To maximise the coverage of variables available in LIDS, CeLSIUS developed methods to extract structured code lists from these diverse sources.
Graph-based identification of comparable variables
A comparability network was constructed to identify equivalences between variables across the entire data dictionary. Variables were linked based on multiple dimensions of comparability documented in the metadata, including:
- Explicit comparable variable references (the ‘comvartime’ and ‘comvarind’ fields)
- Shared classification schemes
- Shared ‘coded as’ references indicating identical coding
- Similar variable descriptions
These pairwise relationships were used to build a network graph, with connected components representing groups of variables that share equivalent or related coding schemes. This approach allowed variables lacking structured code lists to inherit that information from equivalent variables within their component that do have complete metadata.
Each variable was then assigned an extraction method based on the best available source within its comparability group: direct use of an existing structured code list, extraction from a linked census appendix table, or extraction from free-text code notes.
Web scraping of reference tables
For variables whose coding information resides in external census or events appendices, these tables were programmatically retrieved. The scraped HTML tables were then parsed and reformatted into consistent value-label structures.
Text mining of code notes
For variables where coding information exists only in free-text code notes, natural language processing techniques and regular expressions were applied to extract structured value-label pairs.
Complete code lists could not be obtained for all variables. These variables remain available for selection in LIDS to preserve the complete table structures but appear with placeholder values indicating their status.
Generating impossible datasets
Using the variable code lists extracted from the CeLSIUS data dictionary, LIDS uses a straightforward process to generate impossible data extracts:
- Random value assignment: For each variable selected by a user, LIDS draws values independently and uniformly at random from that variable’s code list. Each observation receives a randomly sampled code with no consideration of values assigned to other variables in the same row or logical constraints that would apply in real data. This independence is what produces the ‘impossible’ combinations that give the tool its name.

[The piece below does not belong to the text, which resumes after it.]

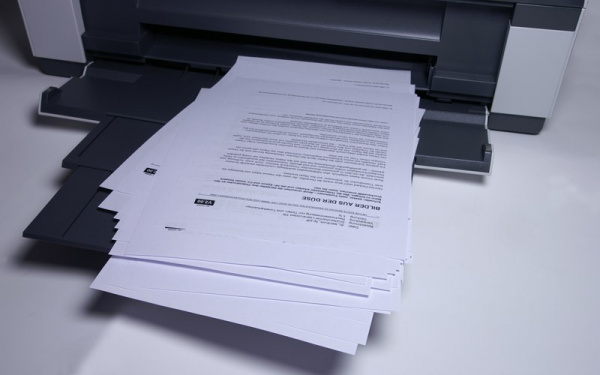 Epson Stylus Office B1100: Durch das recht hohe Tempo beim Textdruck liegen die Blätter unordentlich im Ausgabefach.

- Record linkage identifiers: The ONS LS links individuals across census years and life events using a unique identifier (CORENO). When users select variables from any table, LIDS automatically includes CORENO and generates a set of unique identifier values shared across all selected tables. This allows users to practice linking records across tables in their code, even though the linked records contain randomly assigned values with no substantive relationship to one another.
- Observation sampling: Users specify the number of observations to generate, up to a maximum of 550,000. If the option to include all unique values is selected, LIDS first determines the minimum number of observations required to guarantee that every code for every selected variable appears at least once (equal to the largest code list among selected variables), and adjusts the observation count upward if necessary. Values are then sampled with replacement to fill the requested number of rows.
- Table structure: The generated data preserve the table structure of the ONS LS. Variables are grouped into their original tables, and the download function produces separate files for each table. This mirrors the format of real ONS LS data extracts, where census data, vital events, and other sources are provided as distinct but linkable datasets.
- Data types: LIDS assigns data types to selected variables based on the ‘format’ field of each respective variable on the data dictionary. For variables where the format field is empty, the data type defaults to characters.